This model analyses and provides the best class or classes given financial news texts. The model classifies the financial news into the following categories:
 - finance              
 - acq                  
 - fuel                   
 - plant                
 - mineral               
 - trade                 
 - livestock             
 - jobs                   
 - or any combination of them 


### Prediction Pipeline

In [11]:
document_assembler = nlp.DocumentAssembler()\
    .setInputCol("text")\
    .setOutputCol("document")\
    .setCleanupMode("shrink")

embeddings = nlp.UniversalSentenceEncoder.pretrained()\
    .setInputCols("document")\
    .setOutputCol("embeddings")

doc_classifier = nlp.MultiClassifierDLModel.pretrained("finmulticlf_news", "en" ,"finance/models")\
    .setInputCols("document", "embeddings")\
    .setOutputCol("category")    


clf_pipeline = Pipeline(stages = [
        document_assembler,
        embeddings,
        doc_classifier])

light_pipeline = LightPipeline(clf_pipeline.fit(spark.createDataFrame([['']]).toDF("text")))

tfhub_use download started this may take some time.
Approximate size to download 923.7 MB
[OK!]
finmulticlf_news download started this may take some time.
Approximate size to download 12.3 MB
[OK!]


### Get Result with LightPipeline

In [12]:
result = light_pipeline.annotate("""ECUADOR HAS TRADE SURPLUS IN FIRST FOUR MONTHS Ecuador posted a trade surplus of 10.6 mln dlrs in the first four months of 1987 compared with a surplus of 271.7 mln in the same period in 1986, the central bank of Ecuador said in its latest monthly report.
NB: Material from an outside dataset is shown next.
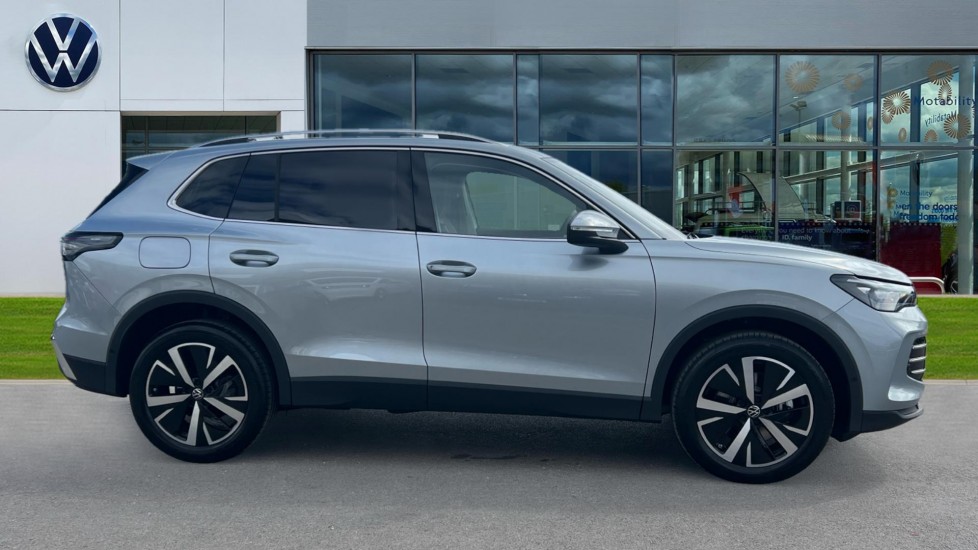 Used Volkswagen Tiguan 2025 for sale - 76942961: Photo 4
Ecuador suspended sales of crude oil, its principal export product, in March after an earthquake destroyed part of its oil-producing infrastructure. Exports in the first four months of 1987 were around 639 mln dlrs and imports 628.3 mln, compared with 771 mln and 500 mln respectively in the same period last year. Exports of crude and products in the first four months were around 256.1 mln dlrs, compared with 403.3 mln in the same period in 1986. The central bank said that between January and May Ecuador sold 16.1 mln barrels of crude and 2.3 mln barrels of products, compared with 32 mln and 2.7 mln respectively in the same period last year. Ecuador's international reserves at the end of May were around 120.9 mln dlrs, compared with 118.6 mln at the end of April and 141.3 mln at the end of May 1986, the central bank said. gold reserves were 165.7 mln dlrs at the end of May compared with 124.3 mln at the end of April.""")

result["category"]

['finance', 'trade']

In [13]:
result = light_pipeline.annotate("""LONDON GRAIN FREIGHTS 27,000 long tons USG/Taiwan 23.25 dlrs fio five days/1,500 1-10/5 Continental. Trade Banner - 30,000 long tons grain USG/Morocco 13.50 dlrs 5,000/5,000 end-April/early-May Comanav. Reference New York Grain Freights 1 of April 8, ship brokers say the vessel fixed by Cam from the Great Lakes to Algeria at 28 dlrs is reported to be the Vamand Wave. Reference New York Grain Freights 2 of April 8, they say the Cory Grain maize business from East London at 22 dlrs is to Japan and not to Spain as reported""")

result["category"]

['plant', 'fuel']

In [14]:
result = light_pipeline.annotate("""Agriculture Ministry officials said they are not considering cuts in import duties on chocolate to help ease friction with the United States over agricultural trade. Japan has already lowered the duties sharply and we must consider domestic market conditions, an official said. Duties on chocolate were cut to 20 pct from 31.9 pct in April 1983. Washington has been demanding a cut to seven pct, equivalent to its own duties, ministry sources said. Japanese chocolate imports rose to 8,285 tonnes in calendar 1986 from 5,908 in 1985, official statistics show. However, the ministry sources added it is possible the government may make further cuts in response to strong U.S. And European demand. "Due to concern about the farm trade row with the U.S., Top-level government officials may press the ministry to cut the duties," one said. But he said it would be difficult for Japan to resolve its overall trade row with Washington and reduce its trade surplus, which reached 58.6 billion dolars in 1986. Agricultural trade issues between Japan and the U.S.  Include Japanese import restrictions on 12 farm products.""")

result["category"]

['plant', 'livestock', 'trade']